What is a Conventional Loan?
A conventional loan is a mortgage that is not guaranteed or insured by the federal government.
Most conventional mortgages are known as “conforming loans” which simply means that they meet the requirements to be sold to Fannie Mae or Freddie Mac.
Because there are several different sets of guidelines that fall under the umbrella of “conventional loans,” there’s no single set of requirements for borrowers.
Why Choose a Conventional Loan?
Conventional loans generally have lower closing costs than government loans as they do not have upfront funding fees.
Loan terms and rate types provide a little more flexibility and options. Monthly mortgage insurance premiums can be “bought-out” (LPMI) or will naturally fall off at some point during the life of the loan.
Conventional Loans Also offer First Time Home Buyer options
Home Ready / Home Possible
The HomeReady (Fannie Mae) and the Home Possible (Freddie Mac) loans are great options for a first time home buyer.
Both programs offer a 3% down payment and reduced mortgage insurance premiums.

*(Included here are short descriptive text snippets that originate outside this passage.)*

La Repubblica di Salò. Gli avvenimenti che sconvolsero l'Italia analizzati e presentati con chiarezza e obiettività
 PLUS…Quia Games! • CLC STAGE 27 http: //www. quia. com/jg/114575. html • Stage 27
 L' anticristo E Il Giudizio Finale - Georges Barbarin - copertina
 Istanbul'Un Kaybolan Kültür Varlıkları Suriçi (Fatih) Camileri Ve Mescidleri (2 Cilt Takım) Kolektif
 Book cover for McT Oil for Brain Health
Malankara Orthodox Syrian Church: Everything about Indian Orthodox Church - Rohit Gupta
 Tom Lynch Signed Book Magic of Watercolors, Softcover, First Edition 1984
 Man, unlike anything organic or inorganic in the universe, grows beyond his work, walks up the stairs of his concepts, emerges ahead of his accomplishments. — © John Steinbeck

Annual income limits apply and are based on the census tract of the property.
Conforming Loan Limits for 2021 is $548,250 for most Counties.
Conventional loans are available for Primary Residence, Second Homes, and Investments for these property types
Single Family – Attached and Detached
Modular and Manufactured
Maximum Loan Amounts for Conventional Loans
Purchase – 5% down Payment Requirement
First Time Home Buyer Programs – 3% down Payment Requirement
Purchase without PMI – 20% Down Payment
Refinance/ No Cashout – 95% Max Loan to Value (95% of the appraised Value)
Cashout Refinance – 80% of the appraised Value.